NVIDIA / apex

A PyTorch Extension: Tools for easy mixed precision and distributed training in Pytorch
BSD 3-Clause "New" or "Revised" License
8.34k stars 1.39k forks source link

Apex optimizer interface differs from torch.nn.Optim #1014

Open ngimel opened 3 years ago

ngimel commented 3 years ago

This makes it harder to interchangeably use optimizers in generic training frameworks (e.g. checkpointing/loading from checkpoint has to be different depending on the optimizer, zeroing/setting grads to None is different etc). Some examples:

Is it possible to make apex/core optimizer interface more consistent? cc @ptrblck cc @xw285cornell

Kaixhin commented 3 years ago

oss optim's set_grad_none is in the zero_grad(), and apex's set_grad_none is in the init()

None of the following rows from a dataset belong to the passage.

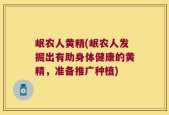 岷农人黄精(岷农人发掘出有助身体健康的黄精，准备推广种植)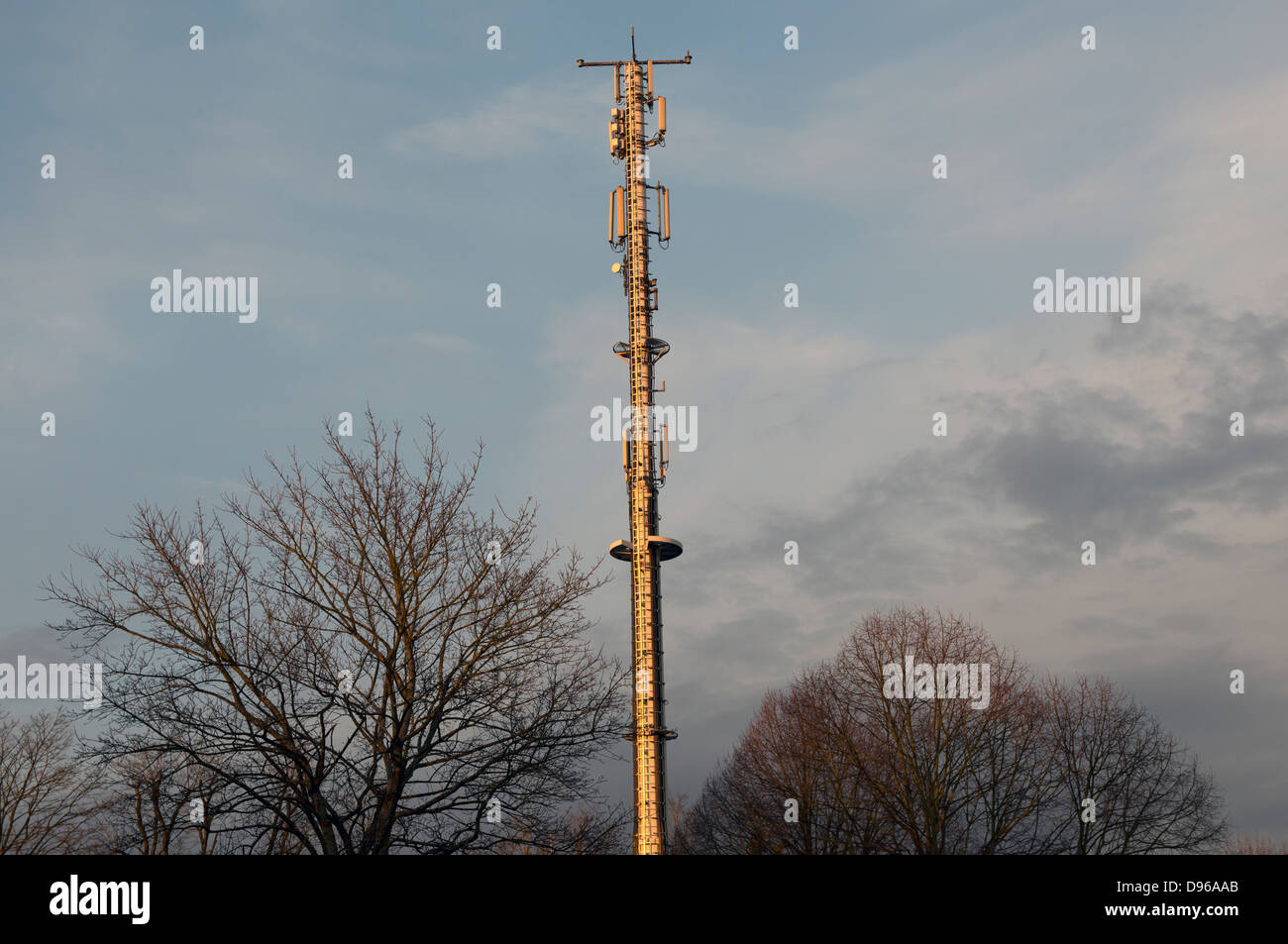 Le comunicazioni telefoniche montante di sollevamento Foto Stock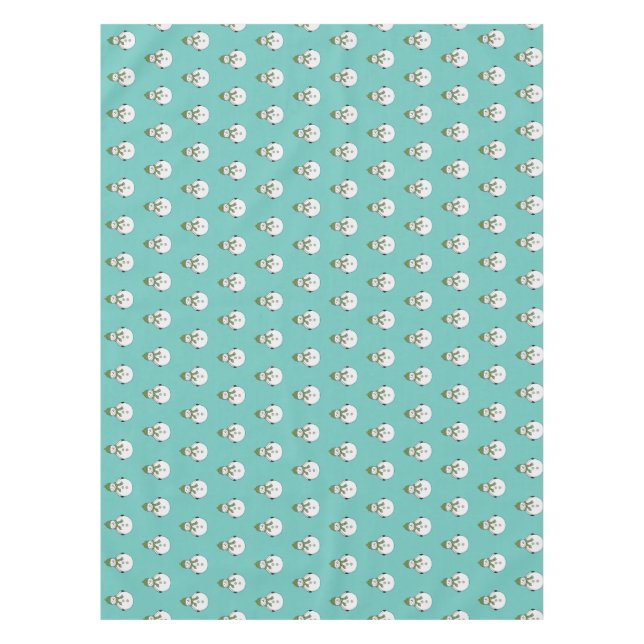 Cold snowman tablecloth (Front)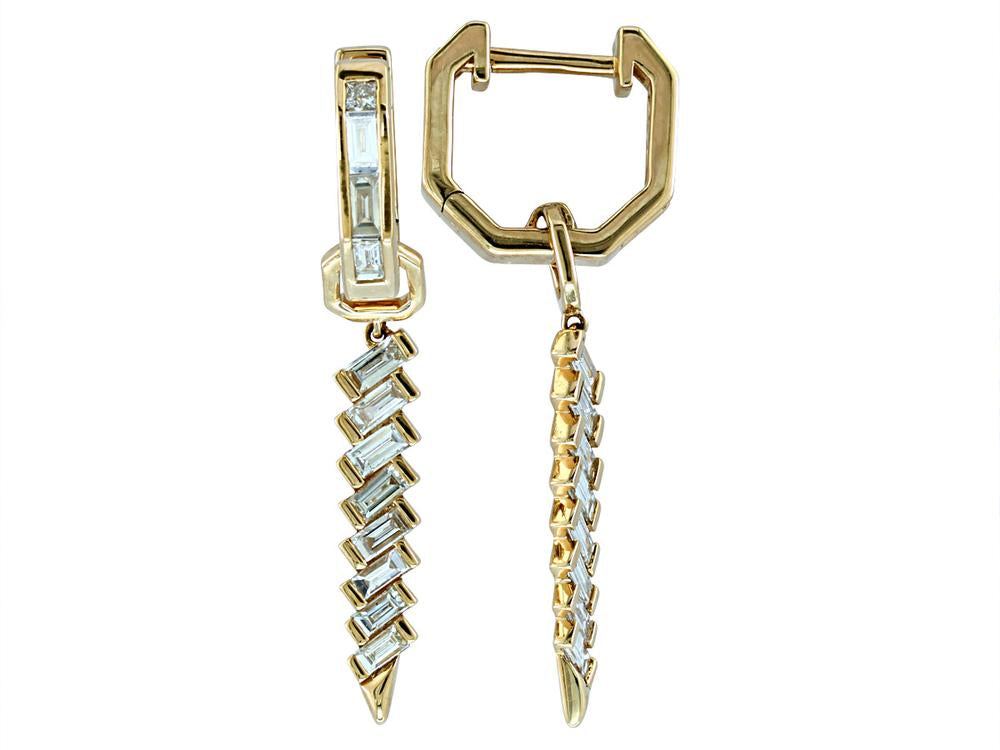 EFFY 14K YELLOW GOLD DIAMOND EARRINGS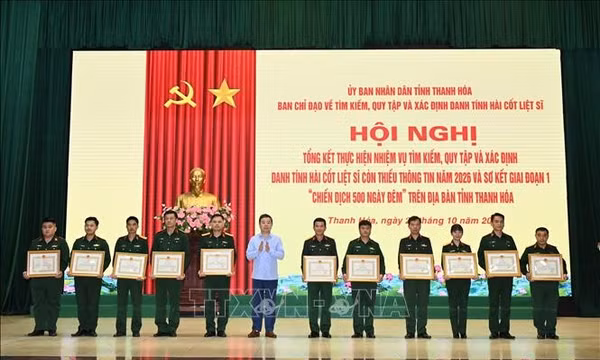 Thanh Hóa đẩy mạnh tìm kiếm, quy tập hài cốt liệt sĩ trong giai đoạn tiếp theo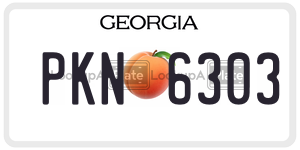 PKN6303 license plate in Georgia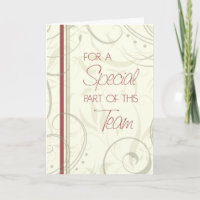 Tan und Red Employee Anniversary Card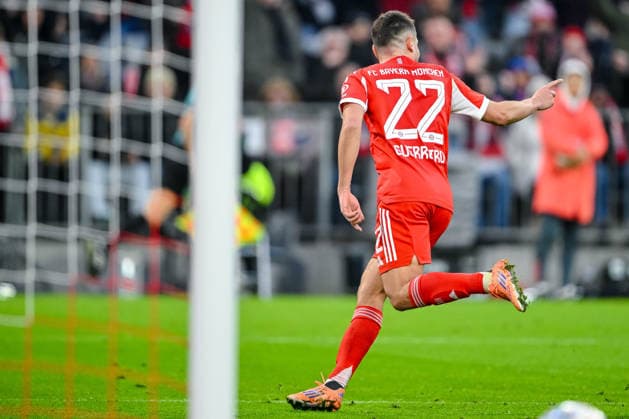 Raphaël Guerreiro Bayern Munich goal celebration, cheers after scoring his team s first goal during the Bundesliga match between FC Bayern Munich and FC St Pauli, Allianz Arena on November 29, 2025 in Munich, Germany Photo by Harry Langer DeFodi Images Raphaël Guerreiro Bayern Munich celebrates after scoring his team s first goal during the Bundesliga match between FC Bayern Munich and FC St Pauli at Allianz Arena on November 29, 2025 in München, Germany Photo by Harry Langer DeFodi Images DFL regulations prohibit any use of photographs as image sequences and or quasi video Photo by Harry Langer DeFodi Images DFL regulations prohibit any use of photographs as image sequences and or quasi video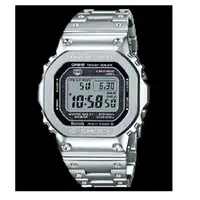 在飛比找momo購物網優惠-【CASIO 卡西歐】G-SHOCK太陽能電波藍牙電子錶/銀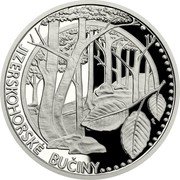 Niue 50 Dollars Jizera Mountain Beech Forest 2023 CM Proof JIZERSKOHARSKÁ BUCINA coin reverse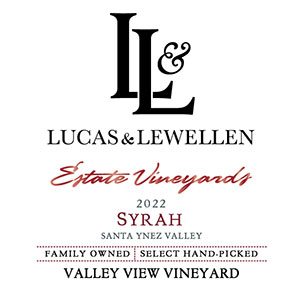 Lucas & Lewellen Syrah front label - Santa Barbara MAIN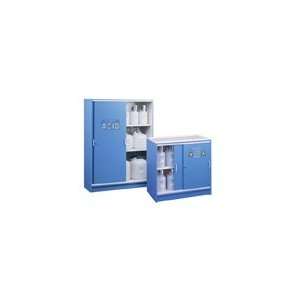 Justrite Nonmetallic Cabinets for Highly Corrosive Acids, Capacity 49 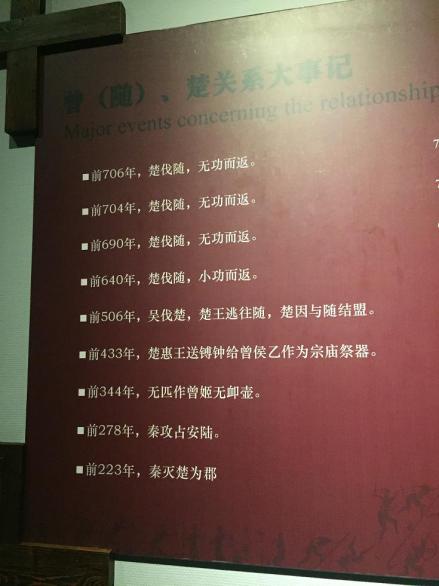 曾楚关系大事记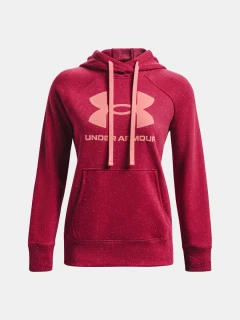 Dámská mikina UNDER ARMOUR Rival Fleece Logo - růžová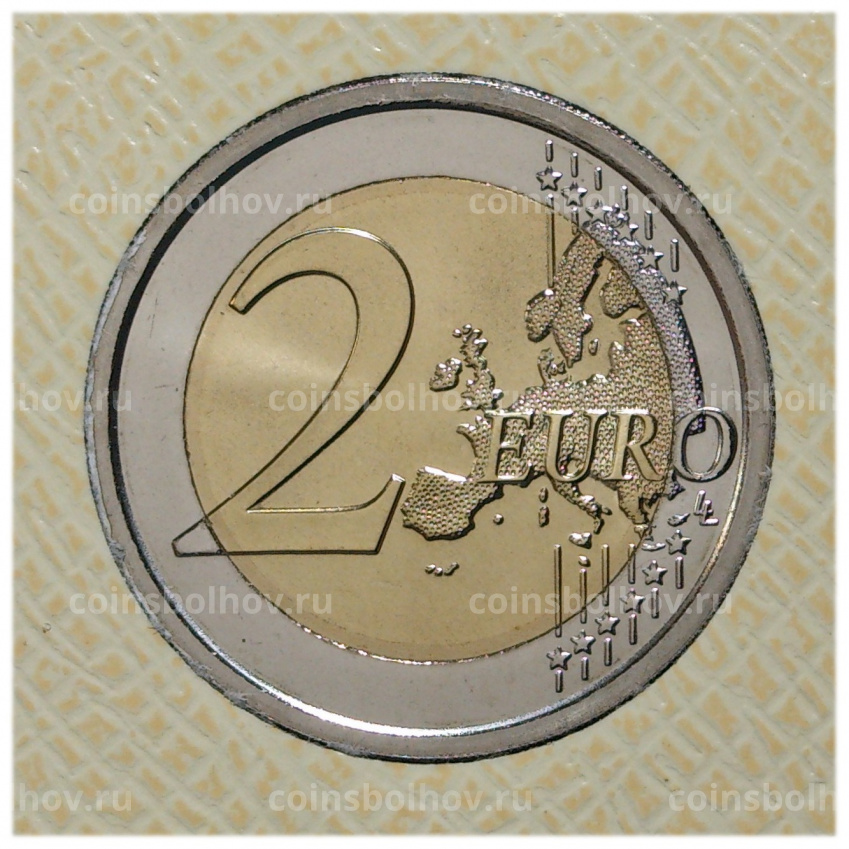 Монета 2 евро 2017 года Ватикан «100 лет Фатимским явлениям Девы Марии» (в буклете) (вид 2)
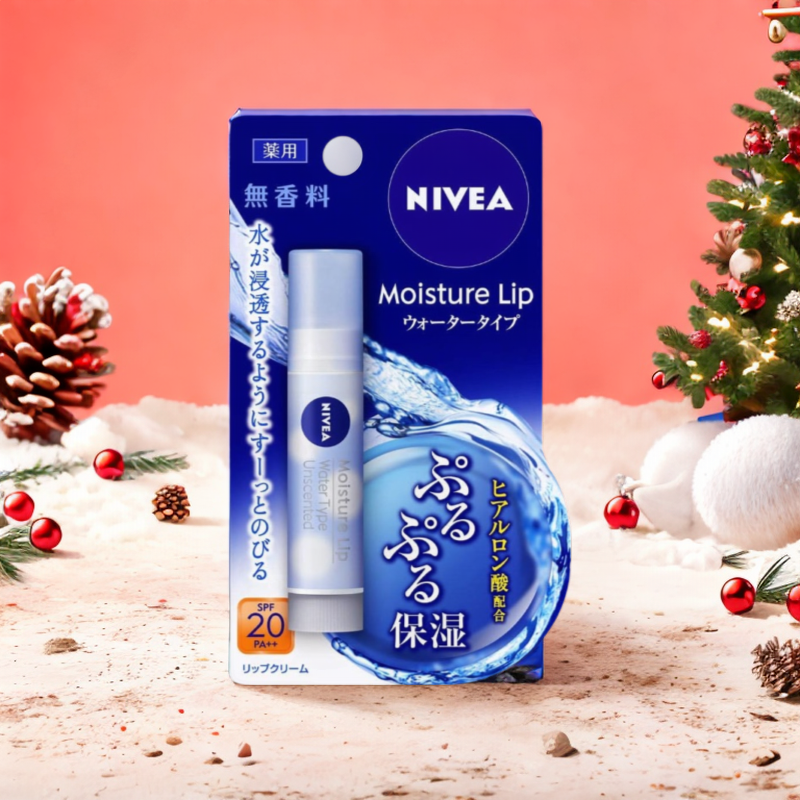 日本nivea妮维雅水润型润唇膏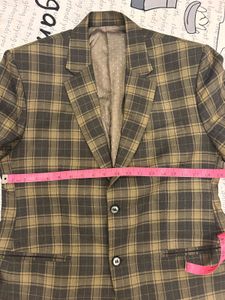 Heritage check blazer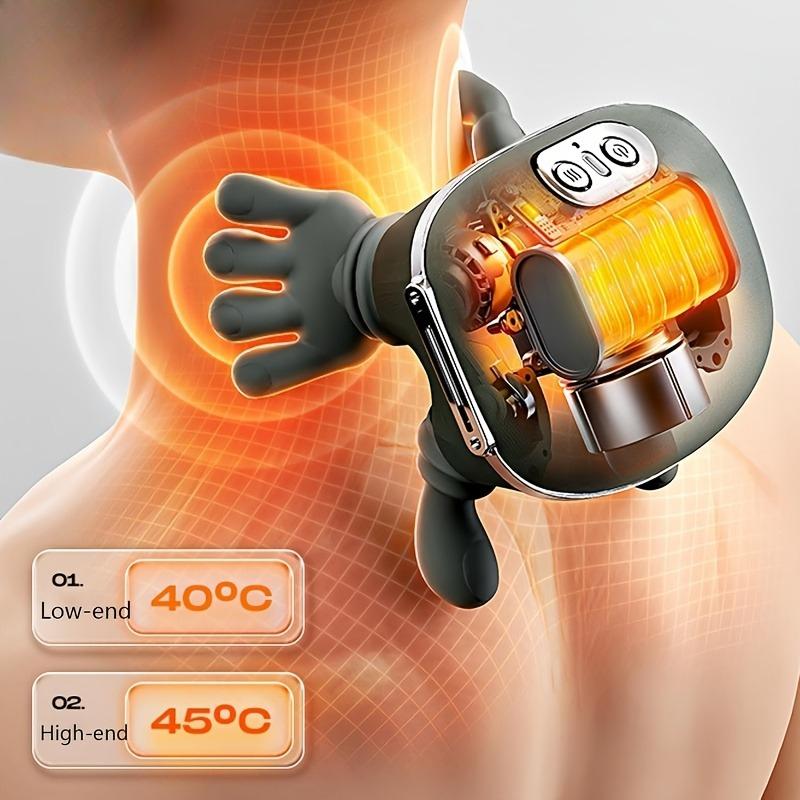 Finger Pressure Kneading Electric Massager - Portable Deep Tissue Massager, Suitable for The Back, Neck, Shoulders, and Lower Abdomen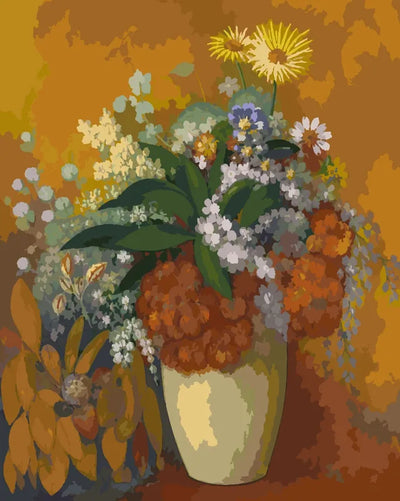 Vase of Flowers numeromaalaus - Odilon Redon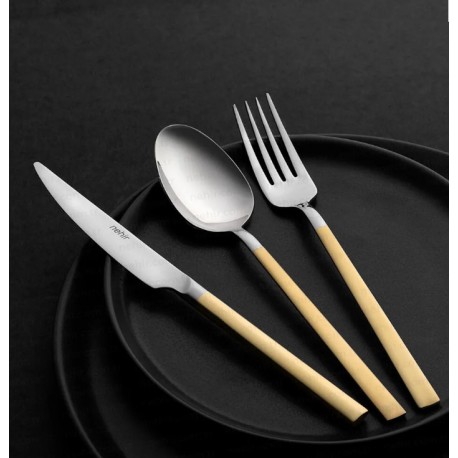 ПРИБОРИ ЗА ХРАНЕНЕ 84 части - Nehir DALYA GOLD матирани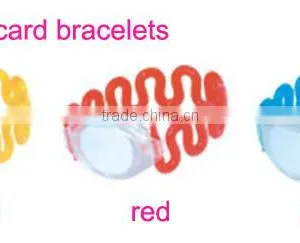 125KHZ Plastic RFID Card EM4100 Bracelet/proximity ID Card Wristbands(EM03) thumbnail-1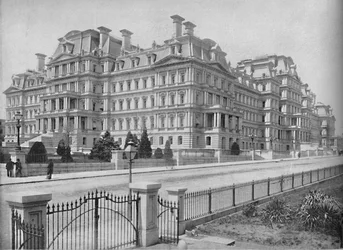 Army and Navy Building, Washington, D.C., 1897.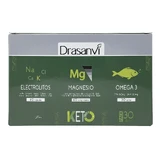 Drasanvi Keto Pakket Elektrolyten 60 Capsules + Magnesium 60 Tabletten + Omega 3 , 30 parels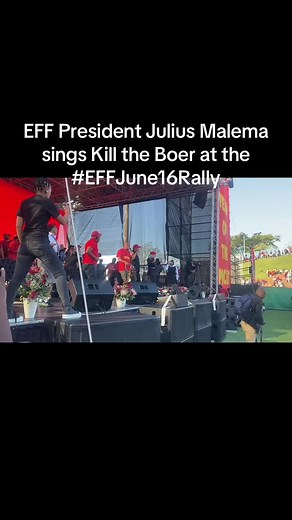 Julius Malema's Performance at EFF June 16 Rally 2025
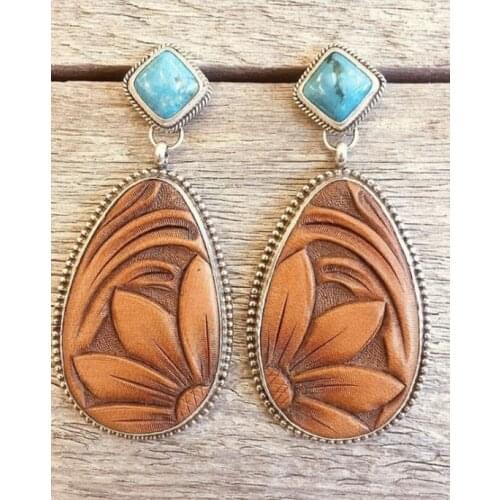 2020 Wholesale New Retro-plated Thai Earrings European and American Fashion Brown Sun Flower Earrings Jewelry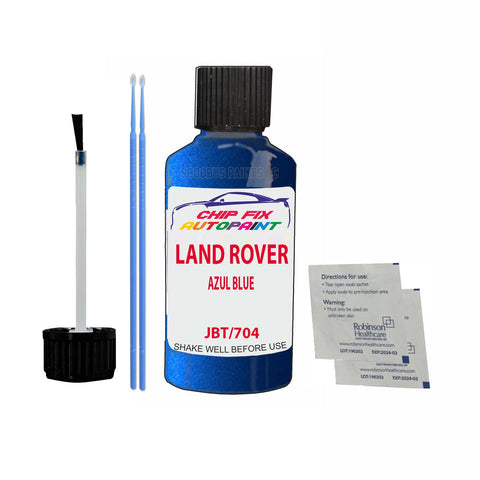 Land Rover Azul Blue Paint Code Jbt/704 Touch Up Paint Scratch Repair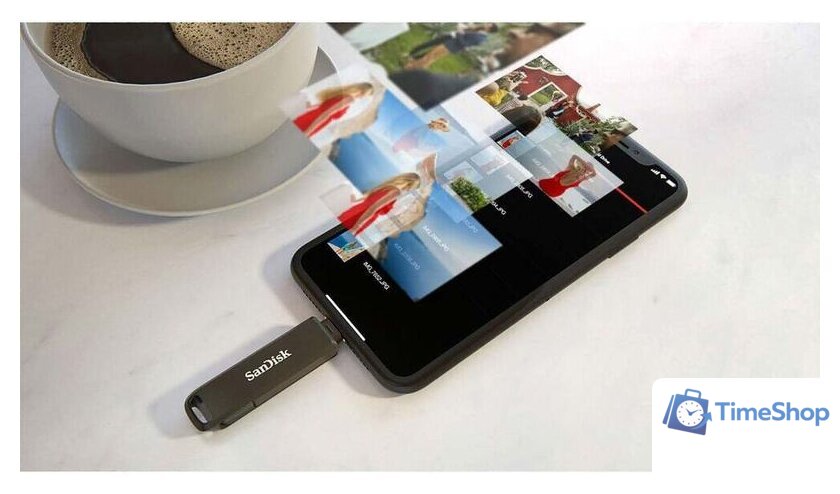 USB Flash SanDisk iXpand Luxe 128GB - Изображение №10 — Интернет-магазин Time-Shop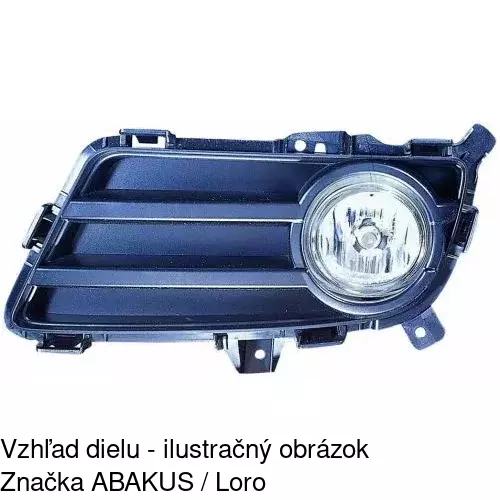 Hmlové svetlo - predné POLCAR 4550300E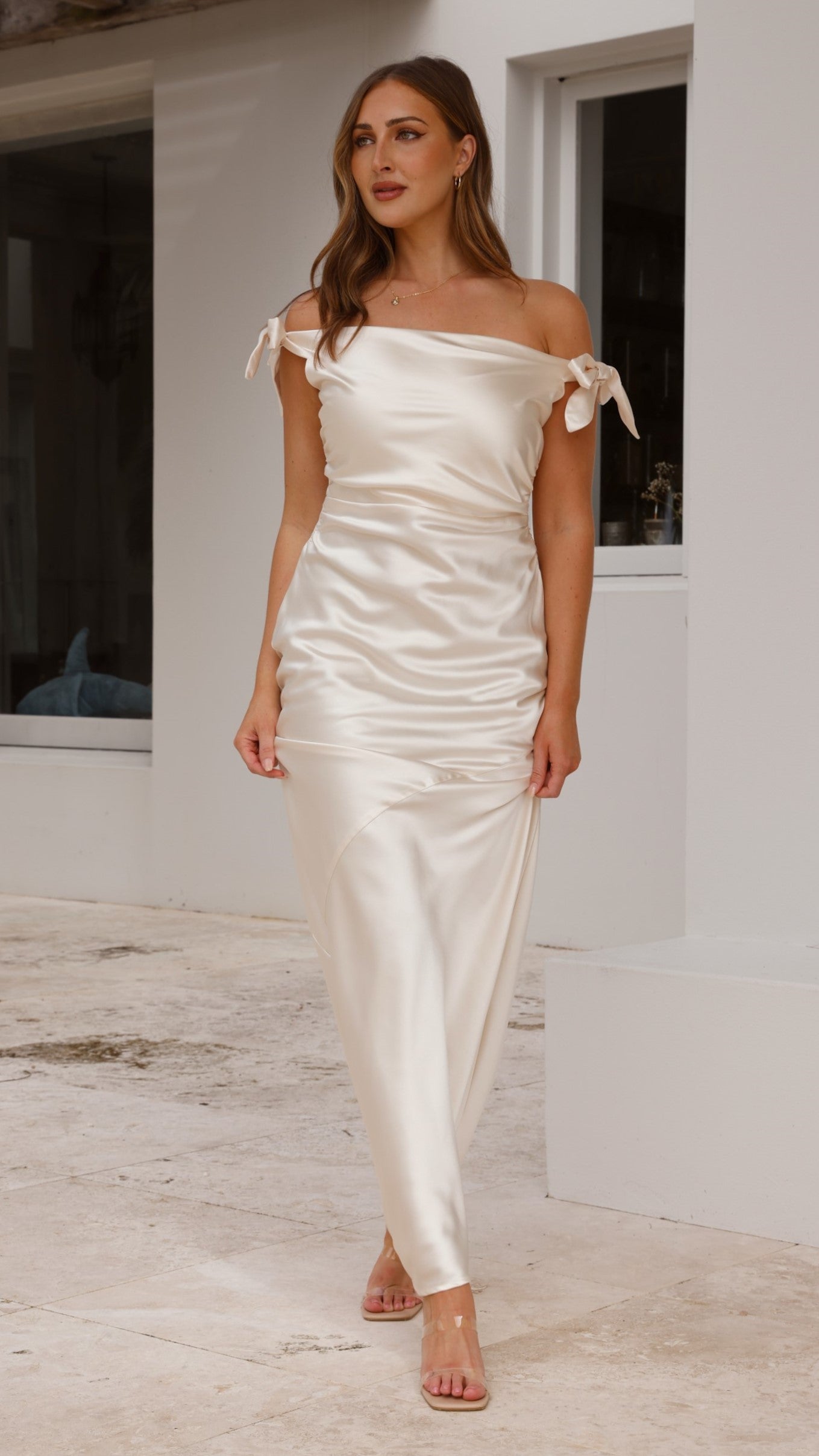 Frida Maxi Dress in Sapphire Champagne 3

Fixing this in particular would allow better interoperability between CPU/CUDA/CUDA+Apex code. I'd like to use this functionality, but the added complexity is not good - in particular when there are many different updates and I would need to check if I'm using Apex to handle set_grad_none=True or not.

cyugao commented 1 year ago

I also encountered this issue. I don't think Apex optimizers need to handle set_grad_none since PyTorch optimizer base class already handles that. Changing the function signature breaks the protocol.